Nearly two million households told the BBC they no longer wanted their licence license last year equating to £42 million in lost revenue.
A total of 1.96 million households said they did not watch the BBC or other live television in 2021-22, a rise of 270,000 on the previous year.
The figures in TV Licensing’s annual report warn licence fee income will continue to decline as more people switch to streaming services or decide they can no longer afford the £159-per-year outlay.
The report says:
“The BBC expects its licence fee income will fall, at least in the short-to-medium-term, because of cost of living increases since the start of 2022, and the continuing decline in licence sales arising from changes in how audiences view television content.”
Culture Secretary Nadine Dorries has said the BBC has a problem with “groupthink” and needs saving from itself.
Ms Dorries – who froze the BBC licence fee in January – likened the broadcaster to a “polar bear on a shrinking ice cap.”
Speaking to the Sunday Times, she said:
“There is a problem with groupthink within the BBC, and I don’t think those people think they are left or they are right.
“I think they just believe they are absolutely right about everything. And they have a world view and a view of the UK, which is, I think, sometimes very wrong.
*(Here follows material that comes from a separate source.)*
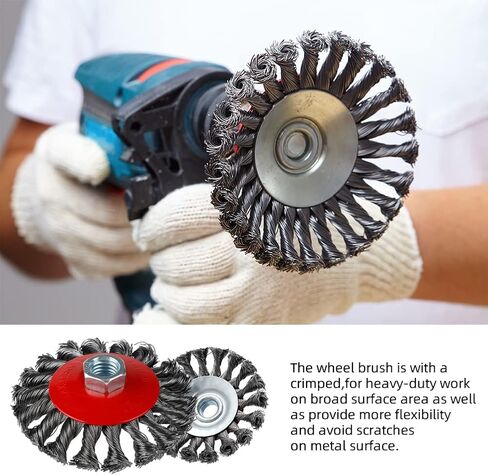 فرشاة عجلة سلكية ملتوية: 5 قطع فرشاة سلكية 4 بوصة لمطحنة الزوايا مع 5/8 بوصة - 11 شجرة مترابطة - 0.02 بوصة سلك فولاذي كربوني للتكييف الثقيل للمعادن المختلفة in Kuwait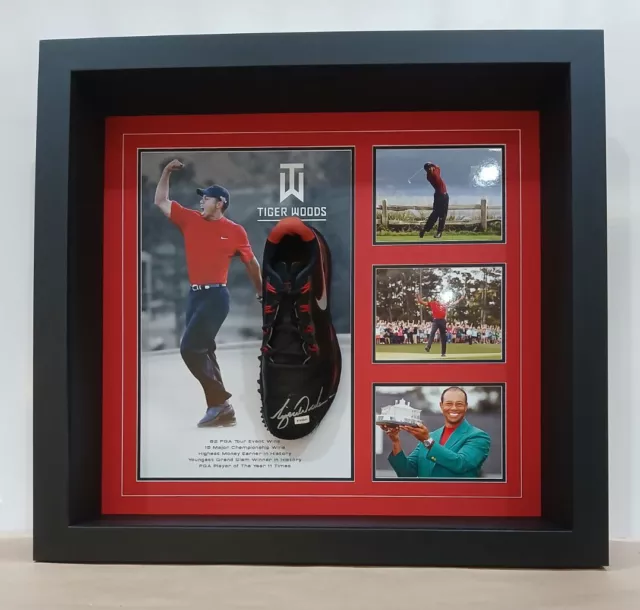 Tiger Woods Personally Signed Golf Spike Authenticated Framed and Presented AAA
“Our responsibility is to save the BBC from itself, because it is that polar bear on a shrinking ice cap.”
She said she thought the BBC’s funding model would not exist “into the future” regardless of her actions as Secretary because “it will hit the buffers as more people refuse to pay the licence fee.”
Questions on how the BBC should be funded and how the corporation should adapt to evolving consumer habits and needs are due to be explored in a new inquiry by the House of Lords Communications and Digital Committee.
Baroness Stowell of Beeston, chair of the committee, said:
“The broadcasting landscape is shifting rapidly, with intense competition, rising production costs and changing viewing habits.
“Developments in technology have led to increasing choice for people about what they watch, how and when.
“Our inquiry will look at this changing media landscape and examine how the BBC should be funded in the future to deliver what is needed from a national public service broadcaster.”
BBC bosses have warned that the licence fee freeze will leave them with an annual £285 million shortfall by 2027-28.
The TV Licensing’s annual report shows there has also been a large increase in the evasion rate, which reached 8.9 per cent in 2021-22.
The BBC has blamed this on the lack of home visits by TV Licensing enforcers during Covid and the inclusion of over-75s in the evasion figures following the scrapping of their free licences.
According to the report one in 10 over-75s has ignored the BBC’s letters telling them to pay for a licence or apply for a free one.